During The Mail on Sunday’s visit to the Cambridge lab, lead clinical scientist Dr Patrick Tarpey brought up on screen an anonymised genomics report for a patient with an oligodendroglioma – a tumour of the brain or spinal cord. Spaghetti lines merging together indicate where genes have fused. Hundreds of colourful dots each reveal a genetic mutation.
‘Sometimes what you find is so illuminating – for patients and for cancer research – there’s almost a sharp intake of breath,’ he says.
East Genomics Laboratory Hub has sequenced the tumours of more than 100 children in two years. A pilot study found it changed the diagnosis in one in six cases and gave doctors crucial additional information about the tumour in one in five.
Professor Matthew Murray, paediatric oncologist at Addenbrooke’s, said: ‘It means the most children are cured with the least side effects, and therefore can lead the most fulfilling lives.’
But this is only the start.

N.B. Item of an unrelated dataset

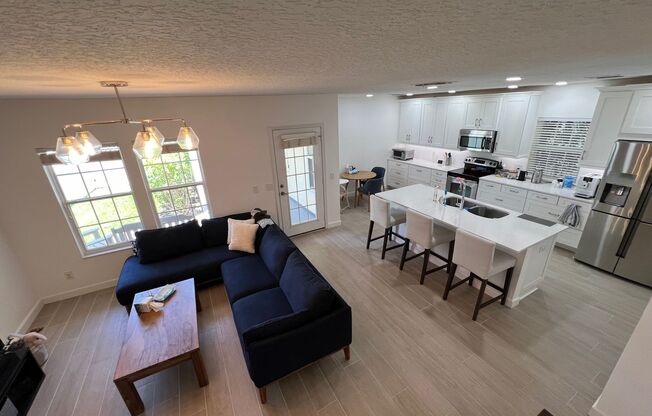 1024 Jeater Bend, Celebration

The wealth of genetic information, which, with the patients’ or families’ consent, is added to an anonymised national research database, may lead to future discoveries.

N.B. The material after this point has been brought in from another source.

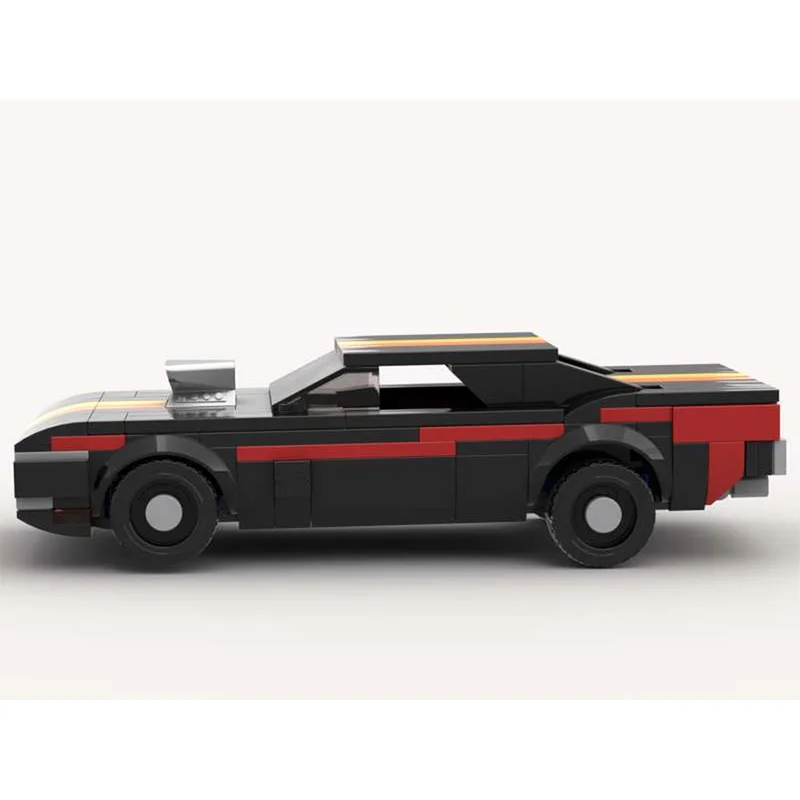 Building Block Car Model 232 Pieces City Speed Champion Christmas Gift For Boys Muscle Car Toy
Building Block Car Model 232 Pieces City Speed Champion Christmas Gift For Boys Muscle Car Toy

It is anticipated that more cancer types will, in future, be eligible for whole genome sequencing.
Several pilot studies are already taking place, including in triple negative breast cancer, an aggressive form of the disease that is difficult to treat (one promising treatment, Trodelvy, was rejected by the NHS spending watchdog NICE as too expensive).
And a brain cancer trial, being run at Addenbrooke’s and funded by the Tessa Jowell Brain Cancer Mission and philanthropic foundation Minderoo, is already yielding positive results.
Neurosurgeon Richard Mair explains that glioblastoma – the type of brain tumour which affected the late Minister – has a terrible prognosis, with many patients dying within 14 months of diagnosis, while treatments have barely advanced in the past 15 to 20 years.
But, he adds: ‘By analysing the mutations driving these tumours, we’ve found, just in our first 40 patients, a handful in whom targeted therapies are appropriate.’
It’s early days, but the goal is that this will make a difference to survival. The aim is to roll out this programme nationally. Dame Tessa Jowell’s daughter, Jessica Mills, who founded the Mission, said her mother’s experience had taught her about the ‘crushing limitation’ of treatments on offer to brain cancer patients.
She says: ‘Precision medicine is the thing that’s going to be able to take currently untreatable or incurable forms of cancer to being treatable, and possibly even curable.’
For every patient facing a cancer diagnosis there is now something extraordinary: hope.